*** Supplied material ***

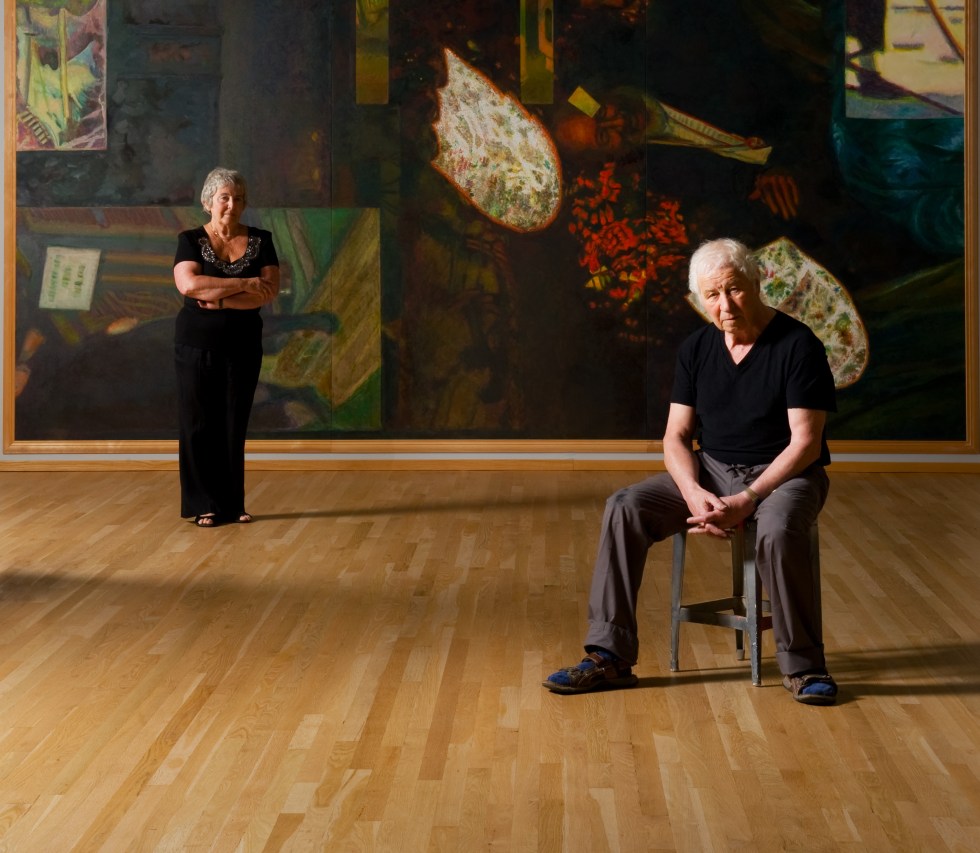 Emilia and Ilya Kabakov in the studio, 2013. Photo: Jacques De Melo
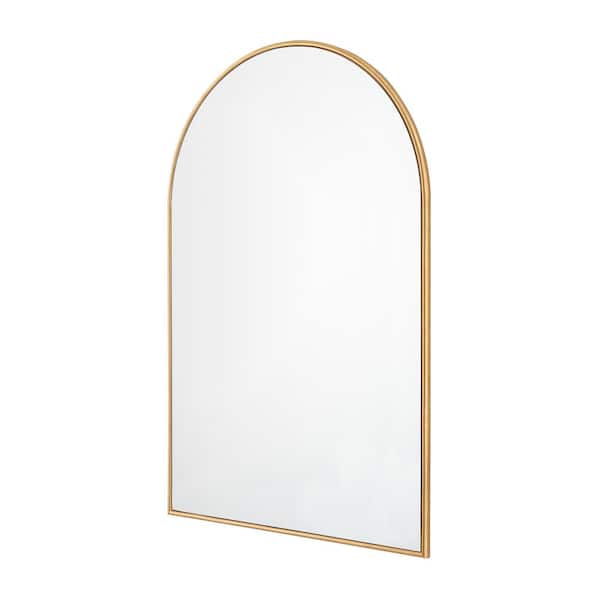 Medium Arched Gold Classic Accent Mirror (35 in. H x 24 in. W)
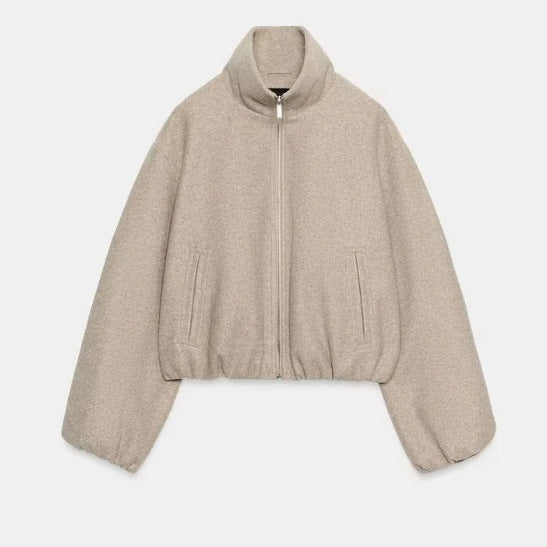 Damen Kurz geschnittene Bouclé‑Blousonjacke mit Stehkragen, elastischem Saum und Ballonärmeln Drune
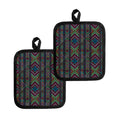 Pixel Ethnic Pattern Print Pot Holders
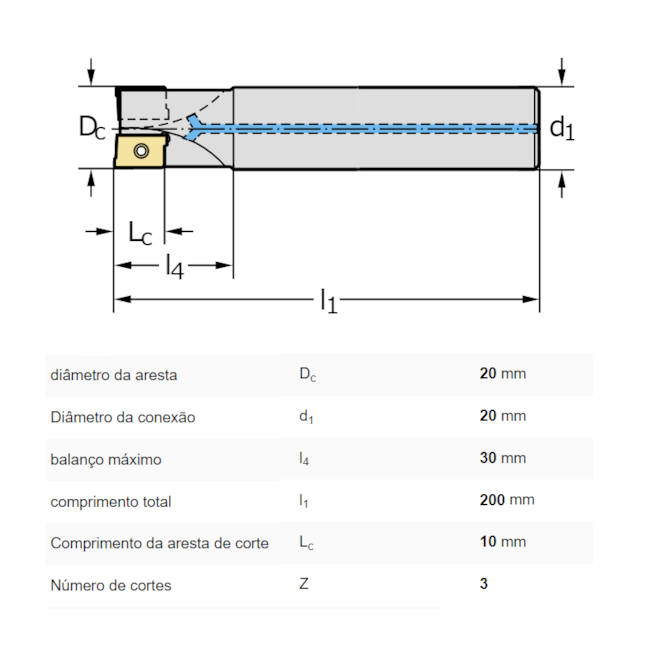 Kit Fresa/Cabeçote Intercambiável 20mm - 90° com 10 Pastilhas ADMT10 e 1 Chave F4042KIT031TTS WALTER-176dd8d4-6a5d-4252-8424-3260130fcc1b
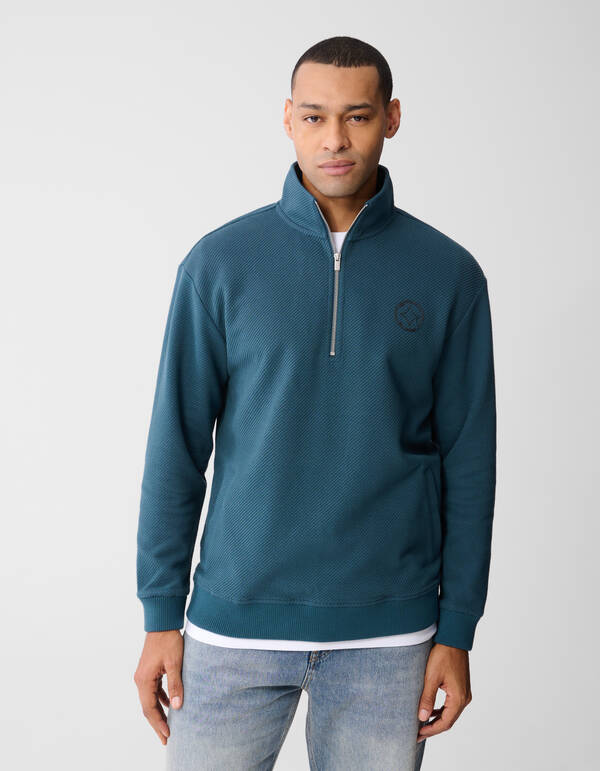 Halb-Zip-Pullover, dunkelgr&uuml;n SHOEBY MEN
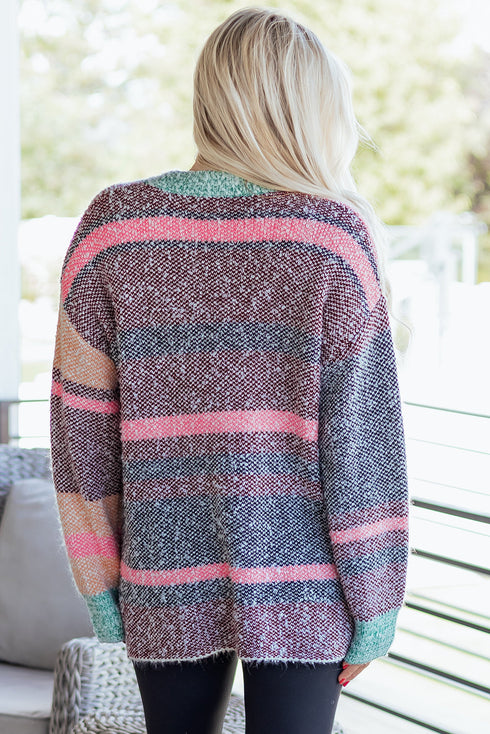 Plush Textured Knit Open Front Striped Cardigan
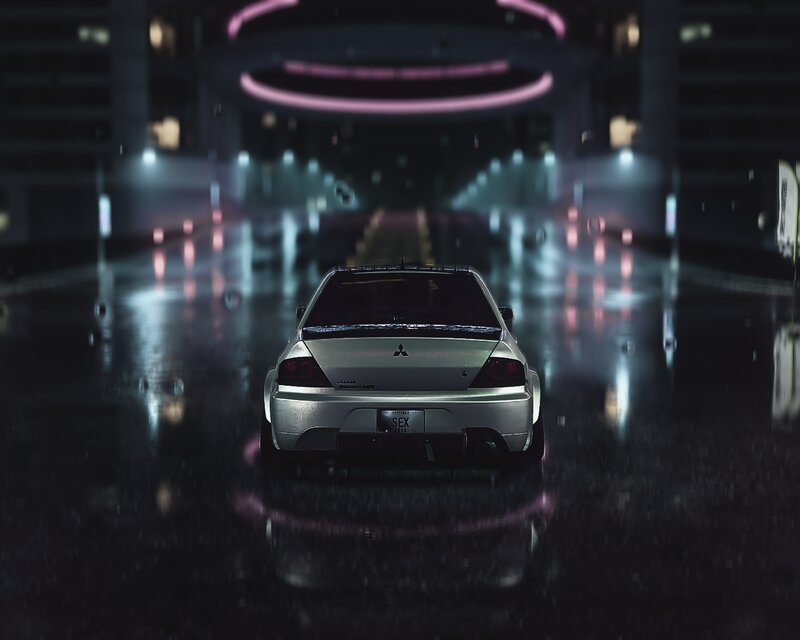 Silver Mitsubishi Lancer — Black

*** End of Supplied material ***

Exactness is what counts here: copy each entry as given and omit its pictures.

- _Solved exercise_:
 Emilia and Ilya Kabakov in the studio, 2013. Photo: Jacques De Melo
 Medium Arched Gold Classic Accent Mirror (35 in. H x 24 in. W)
 Damen Kurz geschnittene Bouclé‑Blousonjacke mit Stehkragen, elastischem Saum und Ballonärmeln Drune
 Pixel Ethnic Pattern Print Pot Holders
 Kit Fresa/Cabeçote Intercambiável 20mm - 90° com 10 Pastilhas ADMT10 e 1 Chave F4042KIT031TTS WALTER-176dd8d4-6a5d-4252-8424-3260130fcc1b
 Halb-Zip-Pullover, dunkelgr&uuml;n SHOEBY MEN
 Plush Textured Knit Open Front Striped Cardigan
 Silver Mitsubishi Lancer — Black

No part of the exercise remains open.